++++ EXERCISE INPUTS
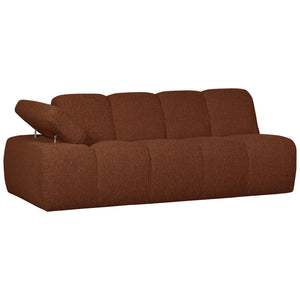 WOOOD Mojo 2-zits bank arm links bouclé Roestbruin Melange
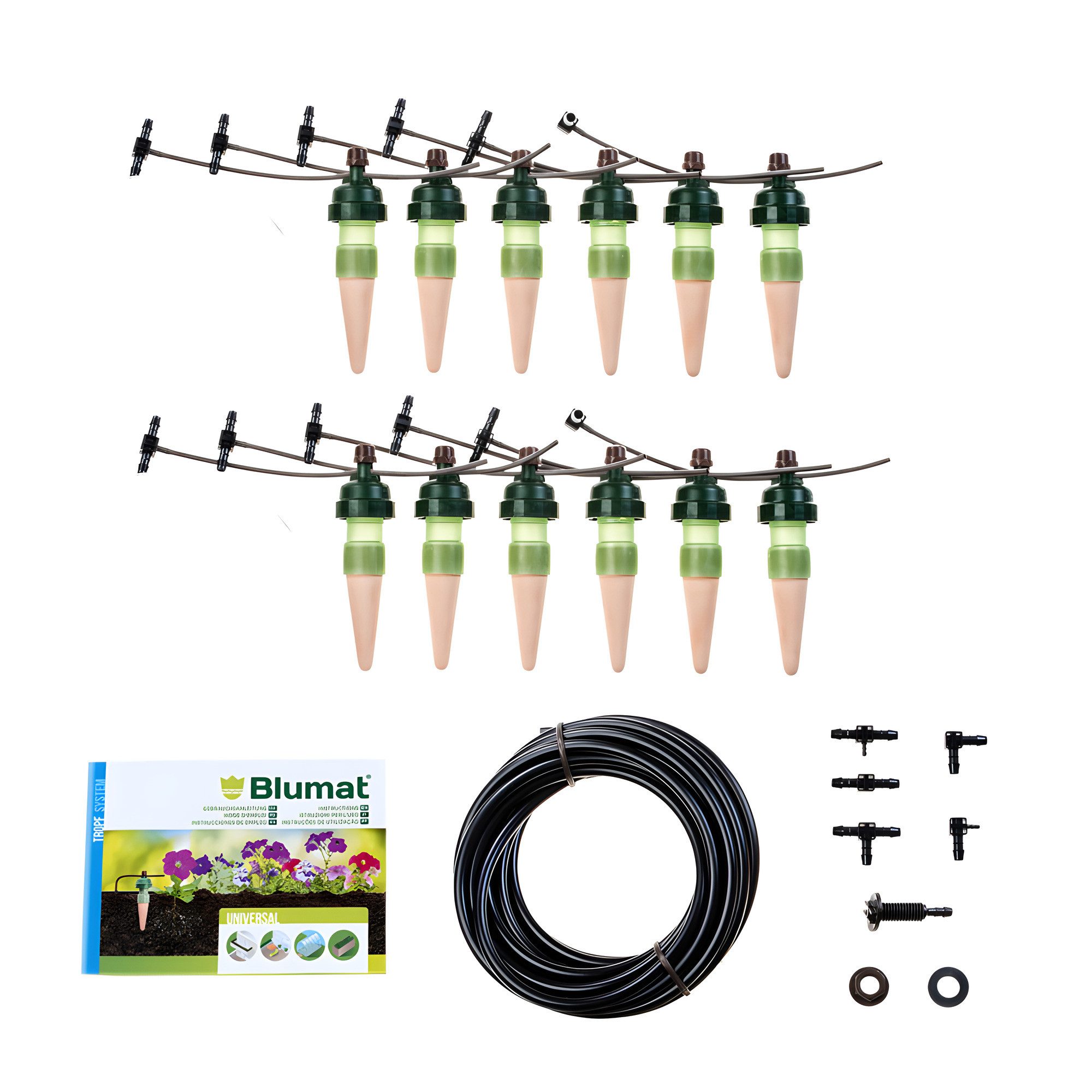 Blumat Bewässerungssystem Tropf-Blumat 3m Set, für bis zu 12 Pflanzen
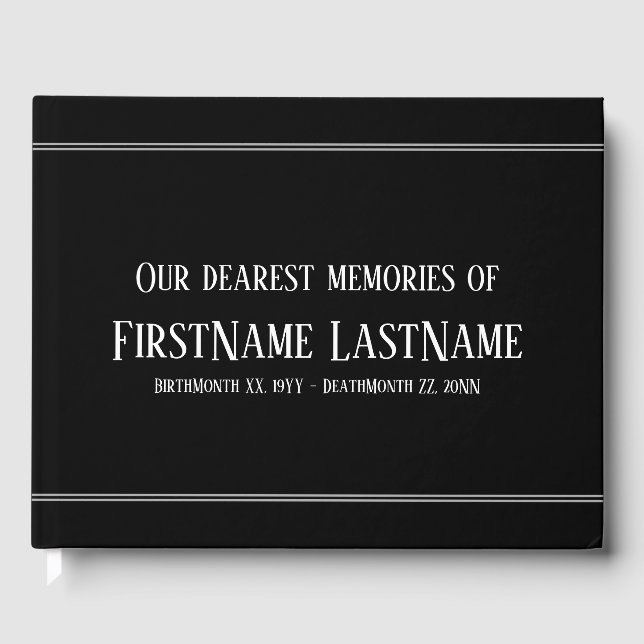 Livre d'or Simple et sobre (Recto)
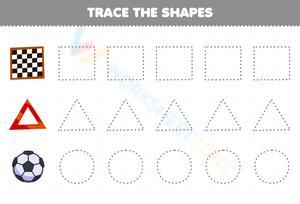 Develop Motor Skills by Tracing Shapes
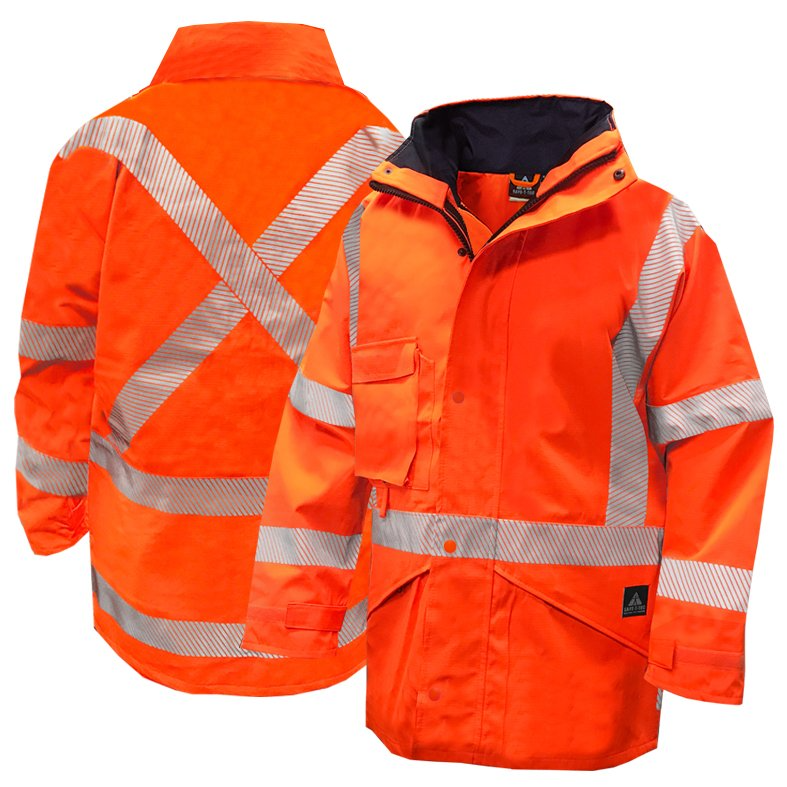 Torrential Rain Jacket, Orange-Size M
++++++++
YOUR TASK:
Take the line containing "Blumat Bewässerungssystem Tropf-Blumat" and every line after it up to the end of the data, and write them out exactly, without the pictures.

EXERCISE RESPONSE:
 Blumat Bewässerungssystem Tropf-Blumat 3m Set, für bis zu 12 Pflanzen
 Livre d'or Simple et sobre (Recto)
 Develop Motor Skills by Tracing Shapes
 Torrential Rain Jacket, Orange-Size M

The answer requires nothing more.